Which is like wild. There’s no space license, or something?

It’s interesting, because there kind of is. It’s governed by the FCC, because they control the radio waves. I got into like a whole conversation with somebody on Hacker News a while ago about this, because I just find this fascinating how the US finds really unique ways to have regulatory vectors over stuff like space. And the FCC is like the main body for that, because they govern the airwaves. So it’s basically, if you want to transmit within the US, you need an FCC license. And if you’re launching a satellite, you probably are going to want to transmit in the US, so you need a license from the FCC to launch a satellite.

It’s wild, because I think [unintelligible 00:38:47.21] we’ve seen what happens when we don’t have regulations… But then sometimes you’re just like “Where did these things come from?” Like, the FCC is not what I [unintelligible 00:38:55.15] of your space license, you know what I mean? So that’s like, who would have even thought? But also, at the same time - you know, when you’re a kid and you think of space, you think of doing so much more to be able to launch something into space, and that’s just wild that it’s just like “Check with the dudes that do airwaves, and then you can put whatever you want up there.”

Yeah, even better - the FCC issued their first fine for space junk a couple months ago.

Oh, that’s cool.

The Federal Communications Commission, the champions of litter in space. [laughter]

But it’s also interesting though, because so many things get launched, right? And even if it doesn’t go wrong, there’s just so much that doesn’t go with your, like, rocket, or whatever. They’re made to have parts that break off… So did people even think about what we’re gonna do with all that at some point, and how we’re gonna collect all that?

It was just like “Let it all burn up.” A lot of these satellites – our satellites don’t have propulsion. So after X number of years, the orbit decays, and they burn up, and that’s… That’s game.

Do they really just burn up completely?

Mostly so.

what’s the lifespan? We’re talking like servers are like seven years. Like, I could buy a server, put it in a rack, and I hold it for seven years. You launch a spaceship, and how - not a spaceship. I don’t know what the technical term – it’s obviously a satellite, because there’s no propulsion, or anything. What is the lifespan of those first three satellites?

[00:40:16.20] So the actual – so there’s a difference between orbit decay and mission life, because the components on board, in theory, will go out long before the actual orbit will decay. So I believe that satellites are slated to be a five-year mission from the onboard component perspective. But this is like – that’s still kind of like NASA-grade ratings. Ideally, you get way longer than five years. And then I think the orbital decay is like 15 years, closer to 10-15 years it’ll take, before –

But do they completely dissolve? Because you know how the rovers – like, one will live way longer than they’re supposed to, and then one gets like too much dust, and then solar plates can’t keep powering it. Also, I cried; I was so in my feelings about the rover… I was like “Noo, but I love your pictures…!”
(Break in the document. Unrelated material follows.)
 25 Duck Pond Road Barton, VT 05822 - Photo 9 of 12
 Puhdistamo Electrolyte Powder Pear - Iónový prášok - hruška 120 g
It’s just out there, all alone…

I know…! It was so lonely, and I was so sad. I was so sad. My kids were like “What’s wrong?” and I was like “The rover…”

You build up feelings around these things. It’s funny, because each of our satellites we name after a sidekick… The official designations are like Ghost 1, Ghost 2, Ghost 3, but we call them Robin, Goose and Chewy.

Oh my God, what if Goose dies? Like, I would be all, like –

Yeah, Goose is ill-fated…

Are you trying to make us cry, Andrew? You had to name it Goose…

That’s definitely not the objective. This is just a plug that we have… We have a Slack bot that announces telemetry and new imagery, and it uses a picture of the appropriate sidekick, and speaks as if like “Goose checking in. Got new imagery.”

You have a Slack bot with pictures? Andrew, hire me. Wait… You get paid to do this? I literally stalk all of James Webber, and all the different satellites, and like post them like a crazy person… Just – we’re best friends now. It’s happening.

I mean, talk about like pets [unintelligible 00:42:25.12] right? This is the epitome of – you have a 15-year decay… But also, $5 million for a five-year mission. A million bucks a year per satellite, and you are gonna get more than a million dollars of value or revenue from that… That’s an interesting just calculation, to be able to say “Hey, this is how much it costs us to upfront it.” And you’ve upfronted the money for the FCC license, and all the other things… Like, “We need to push this thing into orbit.” It’s just really amazing to really think about.

Well, you want to talk about crazy scale - look at Starlink. They have some rudimentary propulsion, but they’re even, I think, on a less than 15-year mission cycle, and they’re launching thousands of those. It’s just crazy.

Like Starlink, do you have satellites and satellite communication to help with that 90-minute delay, and will five satellites reduce that for you significantly?

Yeah, so we have a radio for satellite-to-satellite communication. They’re not enabled yet. But feasibly, yes. The more satellites you have, the better network you have, and you can kind of communicate in between. There’s also proposals kind of going through for a larger network, so we could over encrypted communication talk to satellites that aren’t ours, and kind of like everybody working together to get data down faster.

Would that be like the outronet? I don’t know what you call that, instead of the internet.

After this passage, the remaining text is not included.